CHAPITRE 11 : Replier une deuxième fois dans le sens de la largeur
Le mairie était aussi modeste qu’une maison de berger.
Deux plants d’hortensias bleus encadraient la façade en granit. À côté, une boîte à livres débordait de romans sentimentaux, de guides de randonnée et de recueils de poèmes auto-édités qui semblaient destinés à demeurer ici pour toujours.
“Un cercueil pour livres abandonnés”, pensa Morvan, mélancolique.
Il en avait sauvé, des livres. Ils reposaient à présent sur sa pile à lire, plus près du lecteur… mais toujours aussi loin d’être lus.
Au-dessus de la porte vitrée, les drapeaux français et breton se chamaillaient au gré du vent.

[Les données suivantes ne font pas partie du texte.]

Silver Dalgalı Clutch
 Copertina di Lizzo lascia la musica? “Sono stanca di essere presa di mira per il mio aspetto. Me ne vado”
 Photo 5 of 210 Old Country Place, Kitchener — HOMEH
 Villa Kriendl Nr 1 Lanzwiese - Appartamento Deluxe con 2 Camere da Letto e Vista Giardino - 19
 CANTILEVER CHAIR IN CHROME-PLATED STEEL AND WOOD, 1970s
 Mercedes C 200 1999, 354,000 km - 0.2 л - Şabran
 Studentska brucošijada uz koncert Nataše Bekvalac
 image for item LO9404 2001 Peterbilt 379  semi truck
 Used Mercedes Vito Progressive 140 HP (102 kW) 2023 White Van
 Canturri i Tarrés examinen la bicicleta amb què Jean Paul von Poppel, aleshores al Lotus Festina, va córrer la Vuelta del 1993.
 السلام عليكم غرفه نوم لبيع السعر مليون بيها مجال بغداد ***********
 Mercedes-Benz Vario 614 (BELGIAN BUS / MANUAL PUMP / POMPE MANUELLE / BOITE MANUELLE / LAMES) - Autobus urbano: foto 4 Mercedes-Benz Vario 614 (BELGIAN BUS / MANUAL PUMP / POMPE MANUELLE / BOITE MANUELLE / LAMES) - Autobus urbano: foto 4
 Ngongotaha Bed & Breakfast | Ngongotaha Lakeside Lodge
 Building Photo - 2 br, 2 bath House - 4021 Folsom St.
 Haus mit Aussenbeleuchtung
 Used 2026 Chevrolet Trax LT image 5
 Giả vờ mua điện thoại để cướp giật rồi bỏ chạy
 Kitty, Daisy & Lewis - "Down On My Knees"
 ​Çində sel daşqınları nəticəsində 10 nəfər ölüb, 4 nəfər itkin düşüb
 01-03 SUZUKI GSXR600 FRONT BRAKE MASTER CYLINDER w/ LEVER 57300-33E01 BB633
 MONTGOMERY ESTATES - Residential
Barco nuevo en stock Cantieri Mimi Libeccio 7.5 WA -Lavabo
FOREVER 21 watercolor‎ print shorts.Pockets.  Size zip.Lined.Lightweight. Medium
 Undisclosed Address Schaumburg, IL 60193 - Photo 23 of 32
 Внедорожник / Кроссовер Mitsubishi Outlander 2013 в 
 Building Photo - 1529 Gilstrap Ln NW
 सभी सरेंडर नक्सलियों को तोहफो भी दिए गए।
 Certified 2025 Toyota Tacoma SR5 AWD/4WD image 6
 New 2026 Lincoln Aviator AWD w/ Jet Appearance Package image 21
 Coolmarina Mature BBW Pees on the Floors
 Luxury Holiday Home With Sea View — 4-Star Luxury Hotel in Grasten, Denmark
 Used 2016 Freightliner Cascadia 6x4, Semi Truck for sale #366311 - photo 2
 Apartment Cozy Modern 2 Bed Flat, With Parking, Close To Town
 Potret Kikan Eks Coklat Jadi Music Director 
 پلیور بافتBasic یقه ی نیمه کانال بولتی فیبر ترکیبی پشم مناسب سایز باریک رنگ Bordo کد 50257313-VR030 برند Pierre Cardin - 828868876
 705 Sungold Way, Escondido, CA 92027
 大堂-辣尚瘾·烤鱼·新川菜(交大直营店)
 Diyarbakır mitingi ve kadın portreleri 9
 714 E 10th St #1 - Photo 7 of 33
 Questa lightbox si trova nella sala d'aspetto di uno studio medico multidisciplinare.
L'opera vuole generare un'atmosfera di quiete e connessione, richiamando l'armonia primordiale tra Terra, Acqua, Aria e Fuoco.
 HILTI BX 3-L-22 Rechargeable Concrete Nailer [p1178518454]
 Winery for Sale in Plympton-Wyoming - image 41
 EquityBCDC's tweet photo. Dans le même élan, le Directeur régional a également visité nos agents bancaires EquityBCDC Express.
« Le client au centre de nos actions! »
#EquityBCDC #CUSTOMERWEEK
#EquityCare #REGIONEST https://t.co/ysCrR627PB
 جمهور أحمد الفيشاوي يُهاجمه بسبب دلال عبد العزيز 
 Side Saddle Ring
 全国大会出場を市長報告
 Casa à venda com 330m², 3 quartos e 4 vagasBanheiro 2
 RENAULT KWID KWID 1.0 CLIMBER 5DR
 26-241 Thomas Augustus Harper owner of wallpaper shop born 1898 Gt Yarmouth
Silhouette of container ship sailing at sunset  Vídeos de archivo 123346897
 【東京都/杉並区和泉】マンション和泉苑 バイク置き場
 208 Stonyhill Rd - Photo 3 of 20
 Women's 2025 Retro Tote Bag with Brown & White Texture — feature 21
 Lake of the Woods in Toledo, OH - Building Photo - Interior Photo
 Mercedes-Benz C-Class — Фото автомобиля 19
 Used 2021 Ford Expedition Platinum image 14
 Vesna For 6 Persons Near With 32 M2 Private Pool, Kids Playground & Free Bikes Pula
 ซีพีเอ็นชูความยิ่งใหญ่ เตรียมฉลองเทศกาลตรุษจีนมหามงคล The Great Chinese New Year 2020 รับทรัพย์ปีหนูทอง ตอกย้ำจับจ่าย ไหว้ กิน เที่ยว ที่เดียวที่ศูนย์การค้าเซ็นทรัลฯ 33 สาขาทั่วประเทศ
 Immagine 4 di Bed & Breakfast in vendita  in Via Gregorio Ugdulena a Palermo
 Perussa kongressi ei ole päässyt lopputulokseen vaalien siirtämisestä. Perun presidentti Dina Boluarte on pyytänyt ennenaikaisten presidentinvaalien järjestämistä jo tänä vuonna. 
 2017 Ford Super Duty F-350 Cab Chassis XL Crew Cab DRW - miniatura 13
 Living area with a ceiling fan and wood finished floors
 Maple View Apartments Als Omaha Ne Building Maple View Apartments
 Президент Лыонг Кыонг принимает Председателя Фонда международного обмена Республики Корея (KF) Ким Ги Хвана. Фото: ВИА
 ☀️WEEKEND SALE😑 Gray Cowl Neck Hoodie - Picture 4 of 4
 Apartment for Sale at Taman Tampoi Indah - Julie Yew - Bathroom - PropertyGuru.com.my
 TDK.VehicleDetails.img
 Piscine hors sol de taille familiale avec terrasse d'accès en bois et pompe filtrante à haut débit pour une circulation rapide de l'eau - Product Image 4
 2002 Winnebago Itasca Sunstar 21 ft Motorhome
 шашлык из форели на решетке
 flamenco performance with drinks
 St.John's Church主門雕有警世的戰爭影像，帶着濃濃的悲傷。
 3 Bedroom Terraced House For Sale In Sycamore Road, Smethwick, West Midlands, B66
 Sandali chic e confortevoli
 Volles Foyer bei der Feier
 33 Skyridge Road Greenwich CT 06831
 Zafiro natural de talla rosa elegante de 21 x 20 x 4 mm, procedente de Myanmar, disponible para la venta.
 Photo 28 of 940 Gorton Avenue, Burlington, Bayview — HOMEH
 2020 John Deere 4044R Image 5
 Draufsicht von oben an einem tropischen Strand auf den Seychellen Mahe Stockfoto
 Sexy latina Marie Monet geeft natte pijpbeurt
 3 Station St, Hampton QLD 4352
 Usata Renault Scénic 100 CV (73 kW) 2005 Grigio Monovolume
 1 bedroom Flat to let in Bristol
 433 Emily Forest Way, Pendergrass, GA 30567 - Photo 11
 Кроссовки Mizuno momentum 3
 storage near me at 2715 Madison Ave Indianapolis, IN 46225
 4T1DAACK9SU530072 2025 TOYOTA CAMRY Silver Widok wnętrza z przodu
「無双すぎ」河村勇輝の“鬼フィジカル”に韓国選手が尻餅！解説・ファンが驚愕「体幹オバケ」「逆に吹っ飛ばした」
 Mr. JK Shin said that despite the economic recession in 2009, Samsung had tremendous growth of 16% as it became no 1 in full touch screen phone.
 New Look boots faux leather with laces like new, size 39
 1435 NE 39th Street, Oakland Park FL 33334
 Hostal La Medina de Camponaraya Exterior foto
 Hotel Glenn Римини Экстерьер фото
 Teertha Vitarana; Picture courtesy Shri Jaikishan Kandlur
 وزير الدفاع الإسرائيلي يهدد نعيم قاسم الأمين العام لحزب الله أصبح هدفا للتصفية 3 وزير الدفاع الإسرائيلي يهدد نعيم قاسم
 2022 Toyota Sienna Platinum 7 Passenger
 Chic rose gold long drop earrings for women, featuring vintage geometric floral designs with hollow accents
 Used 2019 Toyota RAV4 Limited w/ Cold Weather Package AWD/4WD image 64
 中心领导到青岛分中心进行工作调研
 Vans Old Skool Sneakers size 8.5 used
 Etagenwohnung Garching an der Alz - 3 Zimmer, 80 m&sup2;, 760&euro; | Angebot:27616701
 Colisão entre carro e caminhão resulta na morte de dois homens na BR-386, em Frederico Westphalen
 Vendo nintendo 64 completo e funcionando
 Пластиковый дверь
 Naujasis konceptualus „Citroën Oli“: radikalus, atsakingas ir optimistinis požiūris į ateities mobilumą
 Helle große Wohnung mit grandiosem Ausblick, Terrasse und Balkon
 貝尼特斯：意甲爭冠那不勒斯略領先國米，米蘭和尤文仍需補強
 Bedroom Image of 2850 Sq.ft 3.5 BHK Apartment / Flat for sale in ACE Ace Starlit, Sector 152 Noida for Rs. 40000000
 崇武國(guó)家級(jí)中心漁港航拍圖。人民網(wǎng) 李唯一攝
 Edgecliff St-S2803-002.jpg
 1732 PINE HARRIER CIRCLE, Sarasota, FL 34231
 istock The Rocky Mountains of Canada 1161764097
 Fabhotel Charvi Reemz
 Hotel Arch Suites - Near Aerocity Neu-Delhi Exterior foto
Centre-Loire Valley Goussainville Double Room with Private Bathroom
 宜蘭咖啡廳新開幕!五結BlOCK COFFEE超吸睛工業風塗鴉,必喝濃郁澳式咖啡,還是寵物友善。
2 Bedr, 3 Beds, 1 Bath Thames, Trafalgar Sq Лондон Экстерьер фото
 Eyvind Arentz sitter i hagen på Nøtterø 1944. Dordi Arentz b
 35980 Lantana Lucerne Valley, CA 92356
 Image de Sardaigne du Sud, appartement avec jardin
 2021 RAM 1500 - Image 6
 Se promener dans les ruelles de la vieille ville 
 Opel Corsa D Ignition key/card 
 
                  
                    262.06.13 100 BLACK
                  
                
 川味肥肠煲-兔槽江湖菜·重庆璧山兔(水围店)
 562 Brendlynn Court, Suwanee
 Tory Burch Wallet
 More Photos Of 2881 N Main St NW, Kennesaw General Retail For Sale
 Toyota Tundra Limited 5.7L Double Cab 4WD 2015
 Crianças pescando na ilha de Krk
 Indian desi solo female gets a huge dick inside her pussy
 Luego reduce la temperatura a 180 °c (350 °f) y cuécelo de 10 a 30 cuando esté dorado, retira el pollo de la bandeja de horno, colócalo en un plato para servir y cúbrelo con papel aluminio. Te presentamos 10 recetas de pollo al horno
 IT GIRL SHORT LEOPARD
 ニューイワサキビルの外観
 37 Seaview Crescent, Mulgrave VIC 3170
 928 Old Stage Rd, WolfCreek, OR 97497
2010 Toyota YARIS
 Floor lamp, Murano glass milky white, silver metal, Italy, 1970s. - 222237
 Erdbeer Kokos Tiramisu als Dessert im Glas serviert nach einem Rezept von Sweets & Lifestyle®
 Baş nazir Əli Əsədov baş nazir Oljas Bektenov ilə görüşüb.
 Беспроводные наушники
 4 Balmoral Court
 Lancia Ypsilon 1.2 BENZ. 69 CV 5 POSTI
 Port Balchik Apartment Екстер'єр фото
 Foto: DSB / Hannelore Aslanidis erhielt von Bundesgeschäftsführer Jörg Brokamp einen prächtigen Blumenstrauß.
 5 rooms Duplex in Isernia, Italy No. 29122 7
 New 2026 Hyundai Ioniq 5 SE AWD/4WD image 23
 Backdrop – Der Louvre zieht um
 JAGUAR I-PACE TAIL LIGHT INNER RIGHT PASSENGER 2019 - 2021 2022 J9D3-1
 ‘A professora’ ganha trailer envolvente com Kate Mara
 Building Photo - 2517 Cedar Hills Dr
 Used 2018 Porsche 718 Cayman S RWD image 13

Au-dessus, une enseigne aux lettres celtiques brillait : Mairie - Ti Kêr. L’accent circonflexe avait été ajouté à la bombe de peinture.
Morvan vérifia que son uniforme était impeccable et entra, suivi de Jacky, qui se hâtait de remettre en place ses trois cheveux sur son crâne luisant.
À l’intérieur, l’air sentait le linoléum chauffé au soleil, les chemises cartonnées et un soupçon d’eau de Javel.
Le bureau d’accueil était occupé par la réceptionniste d’une cinquantaine d’années, le casque audio vissé sur les oreilles.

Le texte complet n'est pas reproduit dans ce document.